Aujourd’hui, au lendemain du premier tour de scrutin, les chiffres de la participation ont été rendus publics et ils suscitent quelques réflexions. Pourquoi, dans leur extrême modestie – 11,6 % -, sonnent-ils comme un revirement ? Les Tunisiens auraient-ils renoncé à l’exigence de conférer cet ancrage populaire au processus démocratique ? Notre réponse est que non : ils n’ont pas renoncé. Le revirement a une explication et elle est simple : l’ancrage a été opéré au prix de la démocratie elle-même.

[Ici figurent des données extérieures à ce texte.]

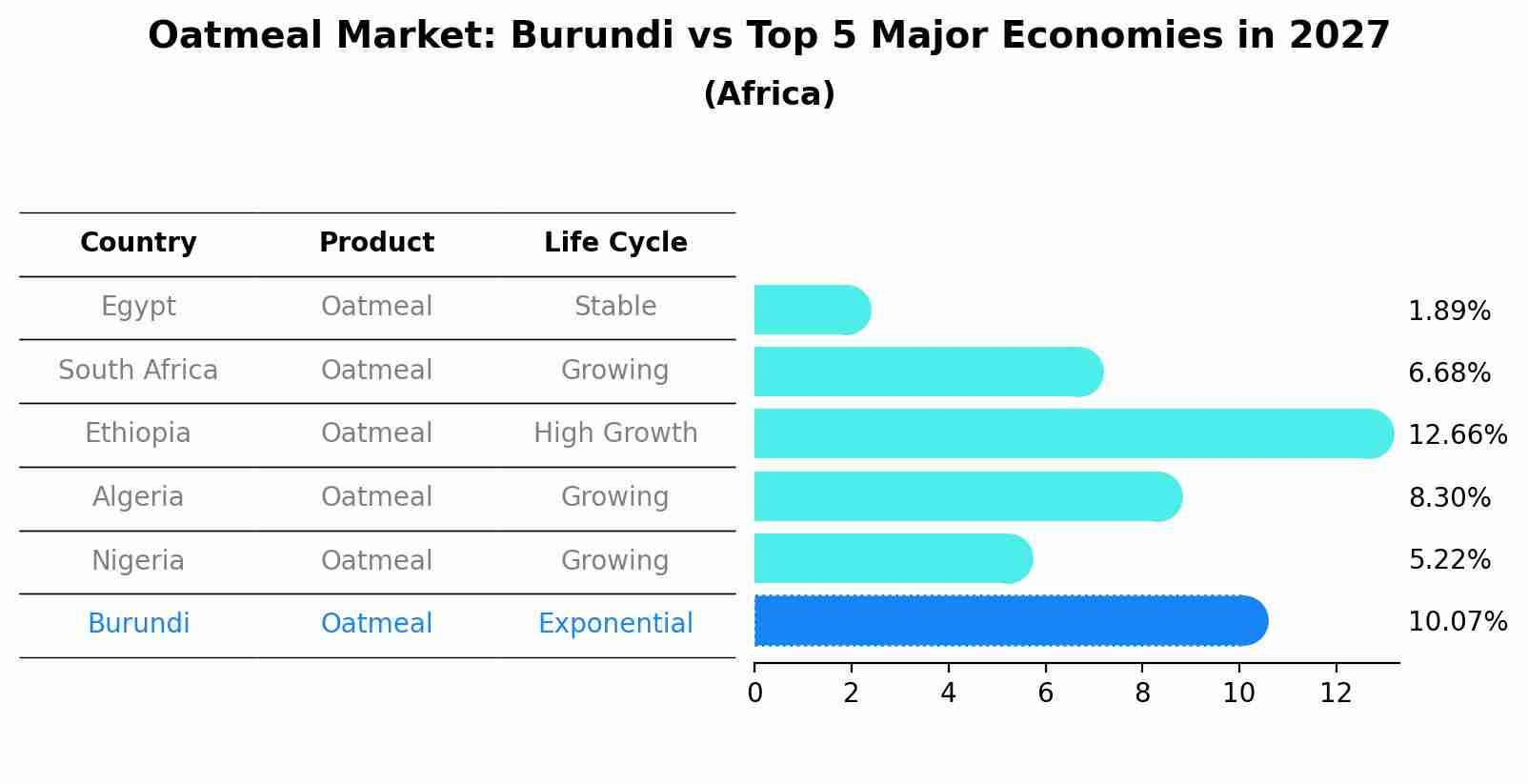 Oatmeal Market: Burundi vs Top 5 Major Economies in 2027 (Africa)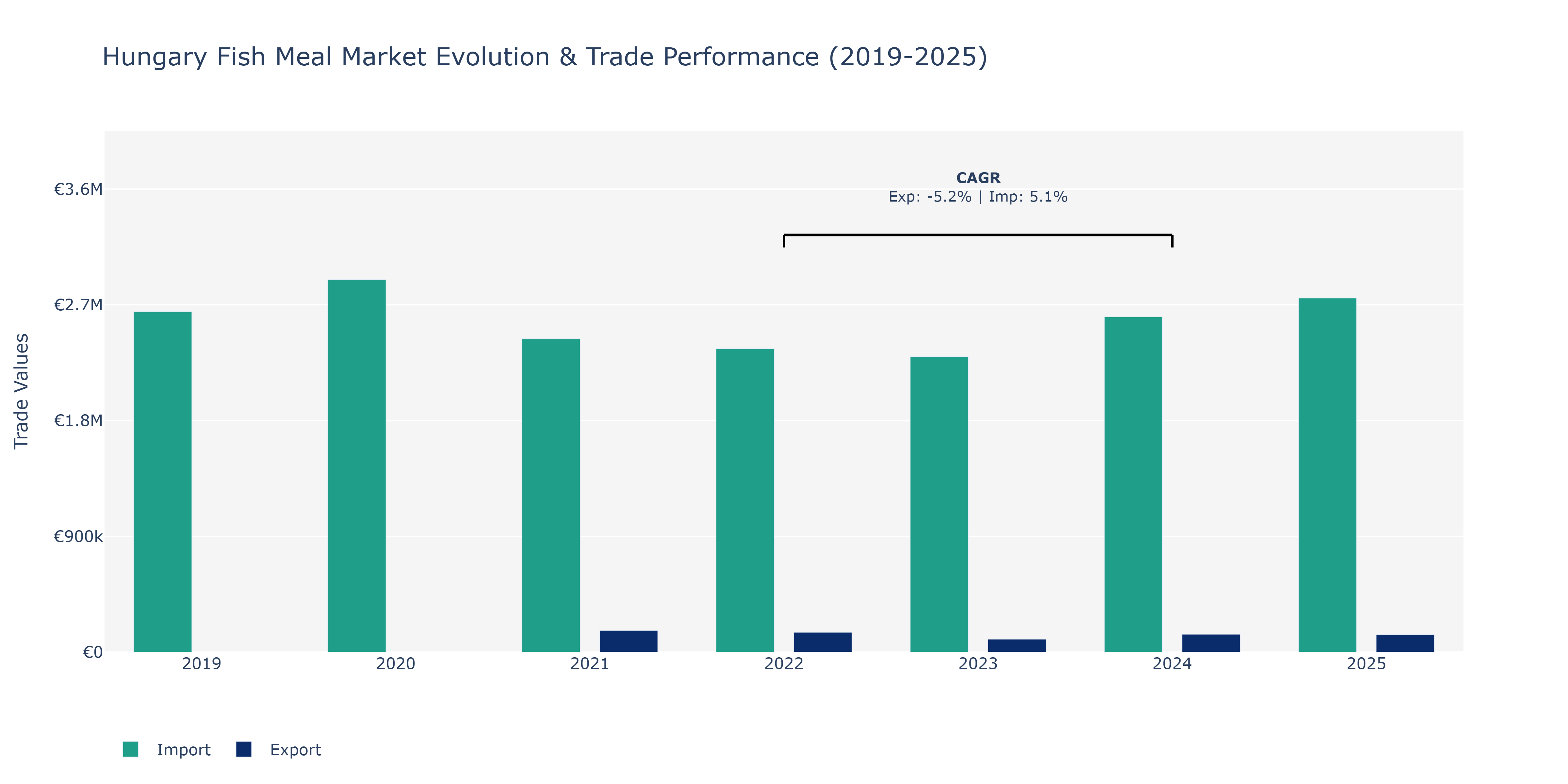 Hungary Fish Meal Market: Production & Trade Performance (2019-2025)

Quand les opposants politiques croupissent en prison sans raison valable, quand l’ancienne Constitution est jetée aux orties et remplacée par une autre dont le texte n’a fait l’objet d’aucune concertation, quand le modèle d’un pouvoir personnel sans partage s’impose aux pays malgré les engagements pris de respecter les institutions, on n’a pas de peine à supposer que le sentiment du Tunisien est qu’il est vain de créer de nouvelles structures de pouvoir. Car rien ne permet de penser qu’elles échapperont au sort qui a été réservé à toutes les autres, à savoir celui de la coquille vide.
Alors, se sont-ils abstenus d’aller voter parce qu’ils ont jugé qu’ils avaient mieux à faire ou parce qu’ils tenaient à donner à leur refus de voter la valeur d’un message adressé à celui dont ils pensent à juste titre qu’il a trahi ses engagements envers eux, envers la démocratie et envers le pays ? Sans doute les deux à la fois.
En fait, pour beaucoup d’entre eux, le grand souci est de s’approvisionner en produits alimentaires de première nécessité. La lassitude de faire la queue pour le sucre, pour le lait, pour la semoule et j’en passe n’encourage guère à aller donner sa voix à un projet dont on n'a rien vu, sinon l’aggravation de la misère.